Аверкий Барбушин считал, что ему в жизни везло. Родился в семье, у которой всегда был свой кусок хлеба, а женившись, без стеснения вошел примаком в семью, у которой и мясо не переводилось. Позубоскалили немного деревенские, и ничего, забылось, кто на ком женился. Он и в чужой семье сразу стал хозяином; тесть и теща так и померли, не посмев при нем повысить голоса, а жена Настасья могла разве что поскулить ночью у его груди.

Нет, определенно везло ему в жизни.
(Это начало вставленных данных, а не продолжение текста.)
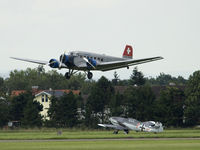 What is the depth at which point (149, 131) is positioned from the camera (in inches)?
3169

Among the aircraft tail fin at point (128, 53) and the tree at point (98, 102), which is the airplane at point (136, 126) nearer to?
the aircraft tail fin at point (128, 53)

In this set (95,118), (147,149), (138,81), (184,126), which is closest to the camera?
(147,149)

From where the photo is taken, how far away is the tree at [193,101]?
108375mm

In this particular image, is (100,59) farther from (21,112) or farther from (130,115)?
(21,112)

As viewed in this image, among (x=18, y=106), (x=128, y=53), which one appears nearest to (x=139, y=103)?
(x=18, y=106)

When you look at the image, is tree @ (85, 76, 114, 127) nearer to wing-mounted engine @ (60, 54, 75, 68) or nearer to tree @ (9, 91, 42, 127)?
tree @ (9, 91, 42, 127)

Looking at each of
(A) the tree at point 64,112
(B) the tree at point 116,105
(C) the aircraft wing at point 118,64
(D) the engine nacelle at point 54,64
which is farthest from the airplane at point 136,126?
(A) the tree at point 64,112

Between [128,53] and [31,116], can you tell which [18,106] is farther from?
[128,53]

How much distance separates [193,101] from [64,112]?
83.7ft

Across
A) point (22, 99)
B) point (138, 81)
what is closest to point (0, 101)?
point (22, 99)

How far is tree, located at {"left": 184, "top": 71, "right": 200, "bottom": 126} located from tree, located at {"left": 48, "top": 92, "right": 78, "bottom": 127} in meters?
22.2

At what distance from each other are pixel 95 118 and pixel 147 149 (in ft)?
216

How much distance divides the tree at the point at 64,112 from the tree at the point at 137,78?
55822 mm

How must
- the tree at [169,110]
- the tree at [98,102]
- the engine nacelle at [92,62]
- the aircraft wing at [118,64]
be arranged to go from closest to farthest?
1. the engine nacelle at [92,62]
2. the aircraft wing at [118,64]
3. the tree at [169,110]
4. the tree at [98,102] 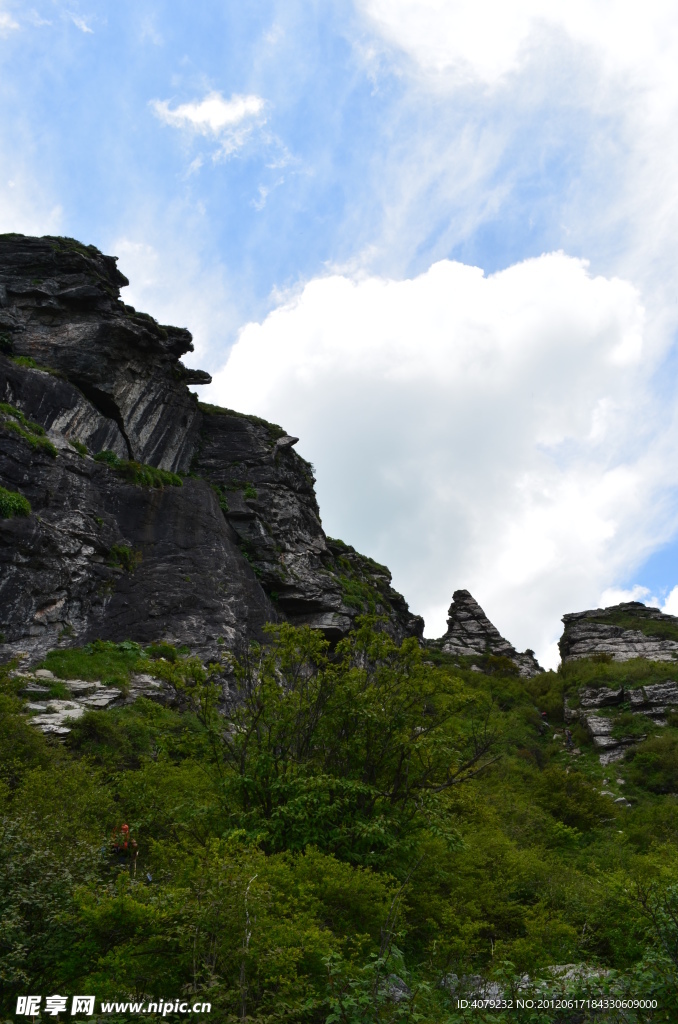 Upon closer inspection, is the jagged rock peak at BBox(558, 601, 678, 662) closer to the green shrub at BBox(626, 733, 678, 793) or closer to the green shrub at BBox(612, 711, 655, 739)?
the green shrub at BBox(612, 711, 655, 739)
В первую большую войну молодого Аверкия Барбушина обошла стороной мобилизация: как знал, к тому времени устроился шкипером на череповецких шлюзах, оказался человеком незаменимым; в гражданскую, пока белые били красных, а красные били белых, подался в северные леса за белкой и года три стрелял по зверью. По этой причине он и к дележу земли опоздал, прибыл на поскребыши. Жена Настасья корила, конечно, за это, но впоследствии, когда мужиков раскулачивали, его не тронули — ничего лишнего не нашлось. А лесные припасы — не коровы, не лошади, глаза не мозолили. И жила семья Барбушиных так: на людях, да не для людей. Люди были не надежны, а надежно то, что припасалось на черный день. Может, потому и не попадали они ни разу в бесхлебицу. Даже в первые колхозные годы, когда избишинцев довели до сумы затяжные неурожаи, в семье Аверкия Барбушина мякину не ели. От лесных времен оставалась у него белка, оставались соболя, а этот зверь и в голодные годы бежал на ловца. Ловец же — вот он, рядом, на Мариинке. По Мариинским путям вечно валил пестрый народ. Кто ехал строить Беломорканал, а кто и себя потешить хотел. Золотишко теперь держать побаивались, а меха… чего же меха не держать? Пока будут гулять по России холода, будут гулять из рук в руки и меха. По тем же речным дорогам с юга на север плыл хлеб, и он в руках перекупщиков легко превращался в белок и соболей, а белки и соболя превращались в мучные кули. Все естественно, все по-житейски.